WHAT THIS TASK INVOLVES:
Pictures aside, quote the whole listing exactly.

RECORDED DATA:
# # # # # # #

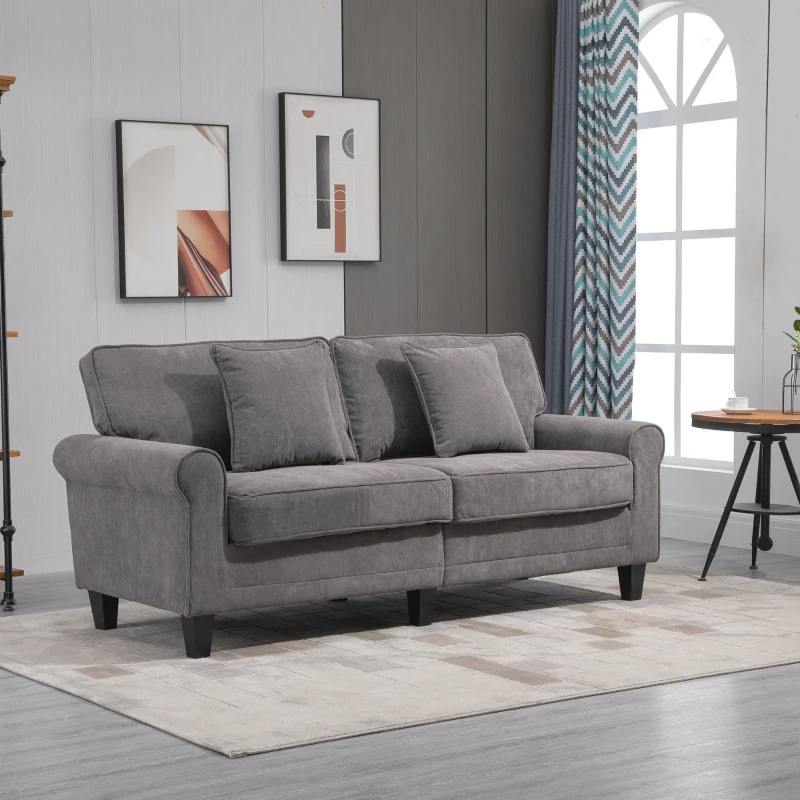 HOMCOM Canapé 3 places en tissu velours côtelé, canapé salon, 197 cm, avec accoudoirs et dossier rembourrées, canapé avec 2 oreillers, pieds en bois massif de pin, pour salon, chambre, bureau, gris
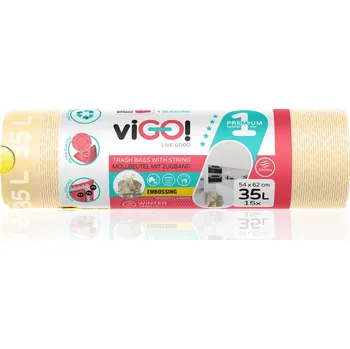 Pytle na odpadky Vigo pytle na odpadky zatahovací, 35 l, 54x62 cm, LDPE,s vůní vanilky, 15 ks, 26 µm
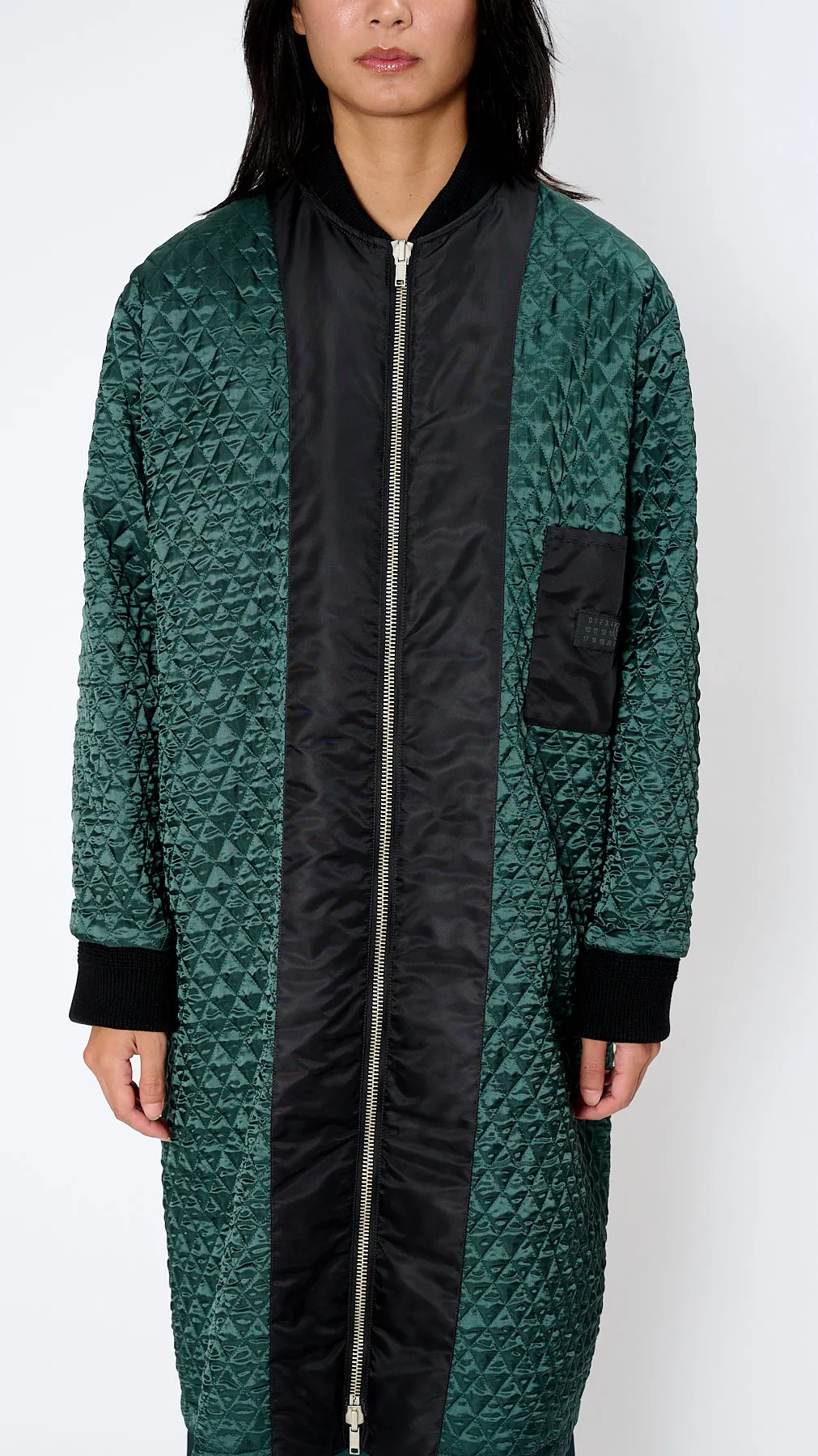 Long Sports Jacket in Black and Emerald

# # # # # # #

PROBLEM SOLUTION:
 HOMCOM Canapé 3 places en tissu velours côtelé, canapé salon, 197 cm, avec accoudoirs et dossier rembourrées, canapé avec 2 oreillers, pieds en bois massif de pin, pour salon, chambre, bureau, gris
 Pytle na odpadky Vigo pytle na odpadky zatahovací, 35 l, 54x62 cm, LDPE,s vůní vanilky, 15 ks, 26 µm
 Long Sports Jacket in Black and Emerald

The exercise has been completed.